A shortage of trained professionals complicates this effort, Arefi said. Many of Afghanistan’s brightest minds fled the country when war violence began years ago. Those who have returned, he said, have often needed jobs and shelter, further stretching government resources.
At the same time, many top officials in government ministries have trained in countries such as Canada, the U.S. and Australia but are operating beyond their capacity and need additional training, Zaheer said.
Sanjeev Khagram, a UW associate professor who directs the Marc Lindenberg Center at the Evans School, is the co-principal investigator, with Senior Lecturer Leslie Breitner, on the funding proposal, which drew almost $500,000 from USAID through the Afghan eQuality Alliances and Washington State University.
The situation in the country is close to Khagram’s heart. Now 40 and a U.S. citizen, Khagram belongs to a family Indian by descent, but residents of East Africa for four generations before fleeing Ugandan dictator Idi Amin.
Khagram has been impressed by the Afghan students. “How incredibly courageous they are. Their society is still in the midst of civil war. They have to worry about being killed while simply doing their jobs.”

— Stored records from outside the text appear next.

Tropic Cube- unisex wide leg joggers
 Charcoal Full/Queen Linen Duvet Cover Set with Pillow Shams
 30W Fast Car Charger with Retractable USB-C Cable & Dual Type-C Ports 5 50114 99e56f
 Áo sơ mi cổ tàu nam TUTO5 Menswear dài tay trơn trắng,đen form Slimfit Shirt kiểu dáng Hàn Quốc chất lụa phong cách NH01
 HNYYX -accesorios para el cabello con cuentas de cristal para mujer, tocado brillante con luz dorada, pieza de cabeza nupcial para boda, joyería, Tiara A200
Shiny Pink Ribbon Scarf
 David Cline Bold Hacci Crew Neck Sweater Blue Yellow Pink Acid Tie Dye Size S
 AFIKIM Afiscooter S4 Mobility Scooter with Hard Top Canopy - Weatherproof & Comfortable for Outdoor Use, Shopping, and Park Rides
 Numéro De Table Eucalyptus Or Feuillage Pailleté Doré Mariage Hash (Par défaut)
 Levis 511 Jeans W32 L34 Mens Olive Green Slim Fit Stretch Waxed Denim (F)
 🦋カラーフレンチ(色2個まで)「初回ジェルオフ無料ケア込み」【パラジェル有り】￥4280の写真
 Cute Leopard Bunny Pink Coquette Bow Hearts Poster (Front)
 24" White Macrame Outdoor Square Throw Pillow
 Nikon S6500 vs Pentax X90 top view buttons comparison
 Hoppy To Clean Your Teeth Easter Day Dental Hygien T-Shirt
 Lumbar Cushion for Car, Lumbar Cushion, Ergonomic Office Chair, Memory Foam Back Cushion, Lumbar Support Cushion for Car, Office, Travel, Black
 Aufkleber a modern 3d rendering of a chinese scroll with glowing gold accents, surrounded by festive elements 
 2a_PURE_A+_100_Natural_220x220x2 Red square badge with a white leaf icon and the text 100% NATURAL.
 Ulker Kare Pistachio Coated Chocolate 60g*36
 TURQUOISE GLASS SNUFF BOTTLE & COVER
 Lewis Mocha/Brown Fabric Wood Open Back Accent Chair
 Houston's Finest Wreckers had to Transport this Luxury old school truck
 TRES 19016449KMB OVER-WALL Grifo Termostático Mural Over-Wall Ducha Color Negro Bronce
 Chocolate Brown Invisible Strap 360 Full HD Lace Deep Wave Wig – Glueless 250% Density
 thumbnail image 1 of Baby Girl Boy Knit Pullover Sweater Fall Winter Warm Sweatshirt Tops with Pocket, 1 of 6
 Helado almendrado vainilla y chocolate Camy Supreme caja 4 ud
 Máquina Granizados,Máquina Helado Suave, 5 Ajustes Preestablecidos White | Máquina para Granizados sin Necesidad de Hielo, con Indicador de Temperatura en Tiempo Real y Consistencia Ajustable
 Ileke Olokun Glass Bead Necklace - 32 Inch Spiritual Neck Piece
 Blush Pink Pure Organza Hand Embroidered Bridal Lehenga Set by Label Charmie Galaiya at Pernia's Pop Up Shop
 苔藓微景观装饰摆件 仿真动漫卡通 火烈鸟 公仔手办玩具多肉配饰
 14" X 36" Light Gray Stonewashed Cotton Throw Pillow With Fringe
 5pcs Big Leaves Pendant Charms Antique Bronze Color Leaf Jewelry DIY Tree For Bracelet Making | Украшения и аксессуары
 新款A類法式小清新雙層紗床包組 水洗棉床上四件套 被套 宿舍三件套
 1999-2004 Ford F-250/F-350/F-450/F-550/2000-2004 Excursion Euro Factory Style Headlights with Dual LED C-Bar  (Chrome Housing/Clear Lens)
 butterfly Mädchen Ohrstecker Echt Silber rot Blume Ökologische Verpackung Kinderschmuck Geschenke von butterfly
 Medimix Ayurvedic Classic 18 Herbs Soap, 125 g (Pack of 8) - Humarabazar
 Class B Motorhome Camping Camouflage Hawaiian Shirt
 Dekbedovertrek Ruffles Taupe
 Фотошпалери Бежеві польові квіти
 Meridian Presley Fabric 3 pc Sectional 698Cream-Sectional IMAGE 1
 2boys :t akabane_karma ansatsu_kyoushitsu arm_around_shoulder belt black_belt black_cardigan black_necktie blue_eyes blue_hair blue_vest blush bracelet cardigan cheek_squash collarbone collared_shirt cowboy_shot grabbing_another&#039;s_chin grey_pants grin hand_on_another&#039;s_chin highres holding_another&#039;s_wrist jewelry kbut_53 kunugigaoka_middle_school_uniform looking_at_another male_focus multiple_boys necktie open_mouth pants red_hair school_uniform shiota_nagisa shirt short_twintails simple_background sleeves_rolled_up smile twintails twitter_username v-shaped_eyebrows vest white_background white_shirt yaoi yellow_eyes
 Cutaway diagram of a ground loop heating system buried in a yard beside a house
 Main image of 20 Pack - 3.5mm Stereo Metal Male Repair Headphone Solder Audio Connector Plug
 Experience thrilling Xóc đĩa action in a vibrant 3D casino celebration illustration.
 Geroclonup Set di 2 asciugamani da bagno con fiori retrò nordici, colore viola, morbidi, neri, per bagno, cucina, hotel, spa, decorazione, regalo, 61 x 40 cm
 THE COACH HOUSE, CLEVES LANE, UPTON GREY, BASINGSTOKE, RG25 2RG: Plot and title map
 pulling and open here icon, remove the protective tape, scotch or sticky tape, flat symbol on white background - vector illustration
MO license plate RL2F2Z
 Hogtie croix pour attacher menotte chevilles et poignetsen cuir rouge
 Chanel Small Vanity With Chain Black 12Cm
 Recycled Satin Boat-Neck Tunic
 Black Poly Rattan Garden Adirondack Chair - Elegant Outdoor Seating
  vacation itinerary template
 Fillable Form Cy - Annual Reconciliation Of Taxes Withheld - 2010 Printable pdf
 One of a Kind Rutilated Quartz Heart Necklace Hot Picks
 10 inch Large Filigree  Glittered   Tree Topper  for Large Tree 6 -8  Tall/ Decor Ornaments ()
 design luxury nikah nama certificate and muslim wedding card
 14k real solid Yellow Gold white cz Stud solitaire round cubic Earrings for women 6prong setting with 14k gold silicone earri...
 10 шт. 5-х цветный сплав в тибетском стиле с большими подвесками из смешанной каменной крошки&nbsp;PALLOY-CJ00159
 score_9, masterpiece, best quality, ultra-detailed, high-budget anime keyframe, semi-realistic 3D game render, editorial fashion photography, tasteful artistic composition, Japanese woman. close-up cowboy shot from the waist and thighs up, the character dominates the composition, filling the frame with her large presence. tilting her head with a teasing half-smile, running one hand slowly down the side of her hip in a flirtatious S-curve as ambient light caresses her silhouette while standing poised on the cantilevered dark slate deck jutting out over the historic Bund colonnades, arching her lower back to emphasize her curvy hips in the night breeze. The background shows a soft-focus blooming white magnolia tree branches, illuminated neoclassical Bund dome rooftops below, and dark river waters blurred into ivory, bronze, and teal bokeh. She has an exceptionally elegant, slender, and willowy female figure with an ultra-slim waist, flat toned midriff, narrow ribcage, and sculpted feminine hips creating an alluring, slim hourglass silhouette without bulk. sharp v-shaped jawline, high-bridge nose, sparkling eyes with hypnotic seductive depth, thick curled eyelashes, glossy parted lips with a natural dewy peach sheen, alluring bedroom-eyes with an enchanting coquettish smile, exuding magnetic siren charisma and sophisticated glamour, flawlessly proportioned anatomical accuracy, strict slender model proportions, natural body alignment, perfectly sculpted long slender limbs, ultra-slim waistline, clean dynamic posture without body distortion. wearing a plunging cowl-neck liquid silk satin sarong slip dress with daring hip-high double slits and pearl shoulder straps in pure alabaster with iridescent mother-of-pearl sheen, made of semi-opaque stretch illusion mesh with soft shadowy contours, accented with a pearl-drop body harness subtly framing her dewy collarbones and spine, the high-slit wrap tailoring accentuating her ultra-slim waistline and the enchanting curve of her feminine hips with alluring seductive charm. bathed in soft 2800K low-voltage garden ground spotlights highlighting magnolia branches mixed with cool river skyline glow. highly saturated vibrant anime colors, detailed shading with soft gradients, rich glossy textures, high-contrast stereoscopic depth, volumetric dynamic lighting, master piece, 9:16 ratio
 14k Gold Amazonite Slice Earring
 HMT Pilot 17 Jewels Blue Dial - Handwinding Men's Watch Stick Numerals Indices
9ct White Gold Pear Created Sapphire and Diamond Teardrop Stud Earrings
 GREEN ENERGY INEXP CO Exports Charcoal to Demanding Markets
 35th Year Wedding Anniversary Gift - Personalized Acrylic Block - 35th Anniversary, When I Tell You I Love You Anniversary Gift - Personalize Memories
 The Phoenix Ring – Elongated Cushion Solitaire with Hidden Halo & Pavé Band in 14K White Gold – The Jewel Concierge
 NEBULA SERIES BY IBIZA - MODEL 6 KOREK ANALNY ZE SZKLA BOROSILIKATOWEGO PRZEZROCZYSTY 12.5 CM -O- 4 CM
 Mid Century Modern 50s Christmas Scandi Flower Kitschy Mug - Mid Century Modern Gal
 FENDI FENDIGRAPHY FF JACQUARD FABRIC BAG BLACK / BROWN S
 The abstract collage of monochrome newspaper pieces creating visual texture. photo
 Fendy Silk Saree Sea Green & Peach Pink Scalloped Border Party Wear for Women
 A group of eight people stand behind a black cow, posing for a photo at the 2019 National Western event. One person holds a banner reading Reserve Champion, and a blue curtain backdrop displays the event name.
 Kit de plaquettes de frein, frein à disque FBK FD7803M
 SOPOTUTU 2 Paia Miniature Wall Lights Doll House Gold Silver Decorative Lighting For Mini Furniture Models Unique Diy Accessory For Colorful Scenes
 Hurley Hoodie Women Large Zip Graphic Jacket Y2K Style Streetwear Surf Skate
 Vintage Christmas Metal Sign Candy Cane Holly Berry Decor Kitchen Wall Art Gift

Despite difficult lives in Afghanistan, the students assert that things are improving. Presidential and parliamentary elections have been held. In 2002, gross domestic product per capita was about $187 but by 2006 had almost doubled. According to the Afghan Ministry of Education, 5 million children, about half those in the country, are in school compared to 500,000 when the Taliban ruled.
Most Afghans simply want to do their jobs and take care of their families, said Hamid Jalil, one of the Afgan visitors, but the media only reports the bombings, not people going about their daily business.
Asked what has surprised them about the UW, the Afghan students said the extent of resources available, including both professors and materials such as library books. Contrast those resources, Arefi said, with problems at Kabul University — for example, lack of building heat during the winter.
For Jalil, the time at the UW is part of a great hope: “It’s taken us six years for Afghanistan just to get to this stage, but rebuilding is exciting, and we are dedicated to contributing.”